When hexagonal is the right call¶
- You have or expect to have multiple drivers for the same role (HTTP plus a Kafka consumer plus a CLI, all calling the same use cases).
- You have or expect to have multiple secondary adapters (Postgres in prod, SQLite for tests, in-memory for unit tests).
- You want a strong invariant that "domain code is pure Go, no third-party imports" and you are willing to enforce it with tooling.
When it is overkill¶
- A 200-line CLI that reads stdin and writes stdout. There is one "adapter" each side. Putting them behind a port is ceremony.

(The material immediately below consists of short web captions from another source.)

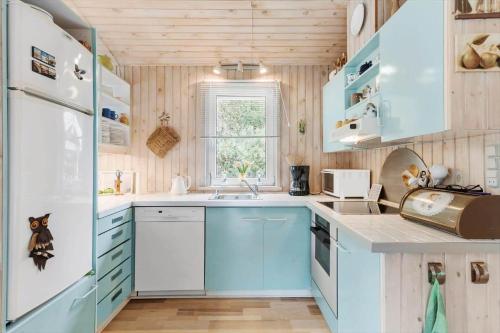a kitchen with blue cabinets and a sink at BL1213-Pandrup-Rodhusparken-14 in Pandrup
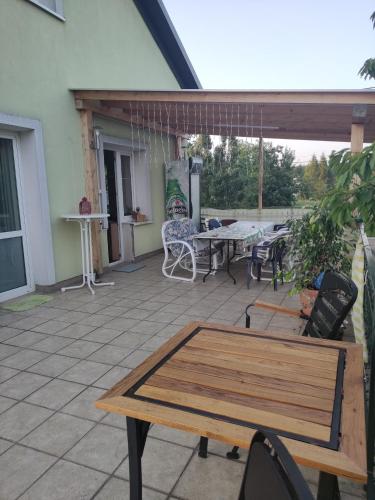 a patio with a wooden table and chairs at Homestay Stróżówka in Gorlice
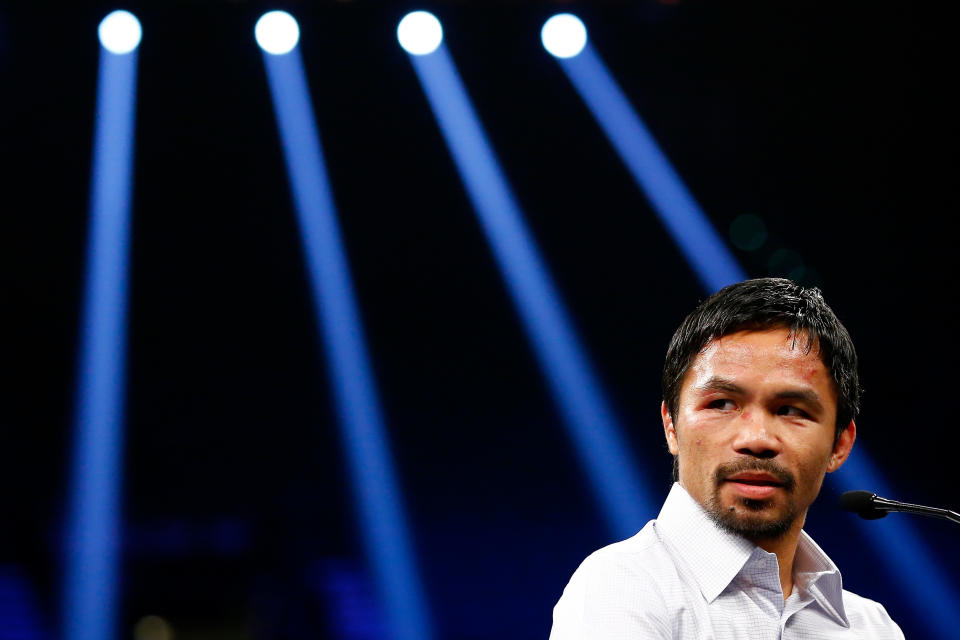 LAS VEGAS, NV - MAY 02: Manny Pacquiao answers questions during the post-fight news conference after losing to Floyd Mayweather Jr. in their welterweight unification championship bout on May 2, 2015 at MGM Grand Garden Arena in Las Vegas, Nevada. Al Bello/Getty Images/AFP (AFP Photo/AL BELLO)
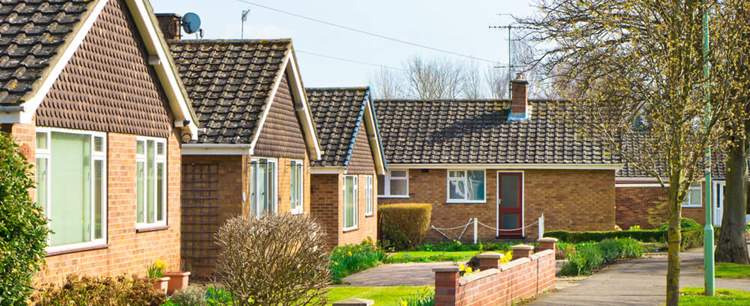 an image of a row of bungalows discussing how Bungalows all the rage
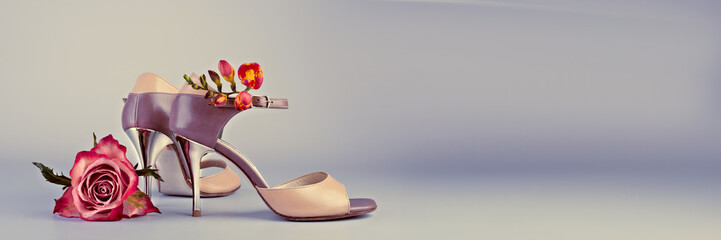 Stiletto tango shoes and flowers on grey background Panoramic banner image.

- A throwaway prototype. You will rewrite it.
Clean Architecture in Go¶
Robert Martin's name for a pattern very close to hexagonal. The picture is the famous concentric circles:
+------------------------------------------+
| Frameworks & Drivers |
| +--------------------------------+ |
| | Interface Adapters | |
| | +------------------------+ | |
| | | Application / | | |
| | | Use Cases | | |
| | | +---------------+ | | |
| | | | Entities | | | |
| | | +---------------+ | | |
| | +------------------------+ | |
| +--------------------------------+ |
+------------------------------------------+
The dependency rule. Source-code dependencies point only inward. An outer ring may know about an inner ring; an inner ring must know nothing about an outer ring.
A minimal Go folder tree¶
myshop/
├── cmd/
│ └── shop-api/
│ └── main.go
├── internal/
│ ├── entity/ ← innermost ring
│ │ └── order.go
│ ├── usecase/ ← application/use-case ring
│ │ ├── place_order.go
│ │ └── ports.go ← interfaces use cases need
│ ├── adapter/ ← interface-adapter ring
│ │ ├── http/
│ │ │ └── order.go
│ │ └── repository/
│ │ └── postgres_order.go
│ └── infra/ ← outermost: drivers, framework setup
│ └── db.go
├── go.mod
└── go.sum
Conceptually identical to hexagonal. The terminology shifts: ports become "boundaries," entities have a precise meaning ("enterprise-wide business objects"), and "use cases" is the canonical name for the second ring.
A use case in Go¶
internal/usecase/ports.go
package usecase
import "myshop/internal/entity"
type OrderRepository interface {
Save(*entity.Order) error
}
type EmailSender interface {
SendOrderConfirmation(*entity.Order) error
}
internal/usecase/place_order.go
package usecase
import "myshop/internal/entity"
type PlaceOrder struct {
Repo OrderRepository
Email EmailSender
}
func (p *PlaceOrder) Execute(o *entity.Order) error {
if err := o.Validate(); err != nil {
return err
}
if err := p.Repo.Save(o); err != nil {
return err
}
return p.Email.SendOrderConfirmation(o)
}
A use case in clean is a small struct with one method (often Execute or Handle). One use case per file is the conventional rule.
When clean is the right call¶
- You have, or want to enforce, a clear "use cases" layer separate from generic application services.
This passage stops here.